President Trump at a White House news conference on Oct. 2. CAROLYN KASTER/AP

Whistleblower is Vulnerable to Retaliation Due to Limited Intelligence Community Protections

Under the law, the president is responsible for ensuring whistleblowers are protected, but experts say the law never accounted for a president leading the attack on a whistleblower.

OCTOBER 2, 2019 05:28 PM ET

The whistleblower who revealed the now infamous call between President Trump and Ukrainian President Volodymyr Zelensky is vulnerable to retaliation due to the unique laws that govern intelligence community whistleblowers, according to experts.

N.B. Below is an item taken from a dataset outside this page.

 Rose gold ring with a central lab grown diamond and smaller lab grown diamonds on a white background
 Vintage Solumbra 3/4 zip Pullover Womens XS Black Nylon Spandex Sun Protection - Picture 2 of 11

The whistleblower filed a complaint following the July phone call in which President Trump asked the Ukrainian president to investigate his political rival and presidential candidate former Vice President Joe Biden and Biden’s son. But as an intelligence community employee, the individual has limited protection, said Debra D’Agostino, founding partner of the Federal Practice Group. This is because “the patchwork of laws that protect whistleblowers in the IC are significantly less powerful” than those for other federal employees.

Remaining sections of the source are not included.